I understand all that. And I know what Mianne is and I had a good idea of what my layout would look like ergo the kit I ordered will support my planned layout. And I know Mianne doesn't provide layouts. You surely read a lot into my simple question of cork vs foam. One of the reasons I even asked was because I've seen a post that said cork can become hard and brittle. I fully intend to add ballast, FWIW. 

The "answers" as you put it didn't really answer my question, they were peripheral to my simple question and really dealt with the subroadbed.

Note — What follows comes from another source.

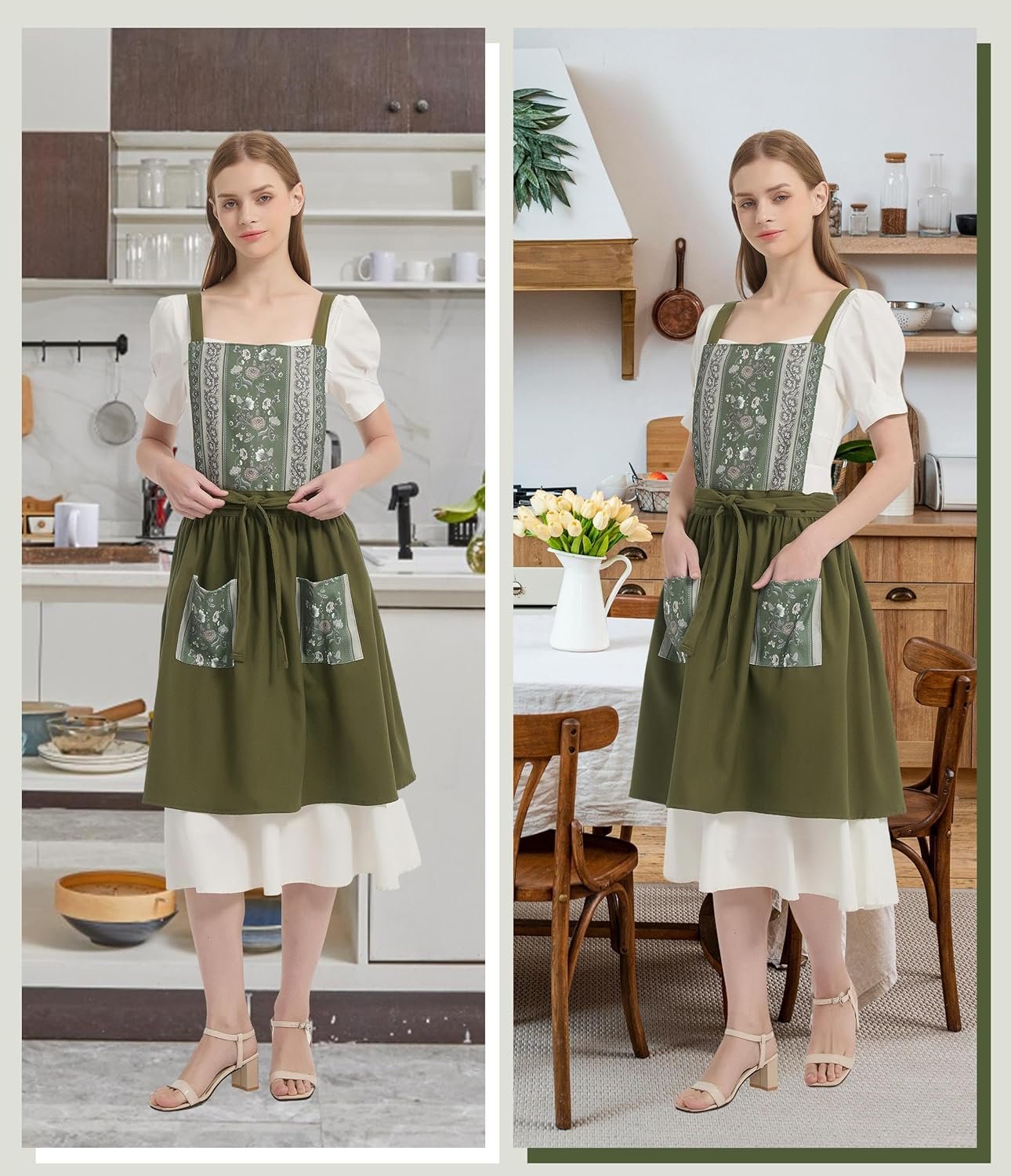 Vintage Aprons for Women with Pockets Cute Pinafore Apron Dress for Kitchen Cooking Baking Gardening - Image 7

I didn't start my own thread as this one was only two years old and not locked. I didn't want to get a notice that it was unnecessary as this one matched up what I wanted. If it was 8 or 10 years old, I would have.


----------



## Magic (Jan 28, 2014)

I tried the WS foam and didn't like it all that much as it has to be glued and the track has to be glued to it.
It is however very easy to work with and takes ballast very well.

I much preferred cork as it could be nailed to my insulated foam sub roadbed and the track nailed to it.
There is no time lost waiting for glue to dry, nailed it down and I could test run trains immediately.
If properly nailed insulated foam will hold nails for the cork roadbed just fine.
I really only had a rough track plan and I made many changes as I went along.
Just pull a few nails from track and roadbed and relay. This worked out very well for me.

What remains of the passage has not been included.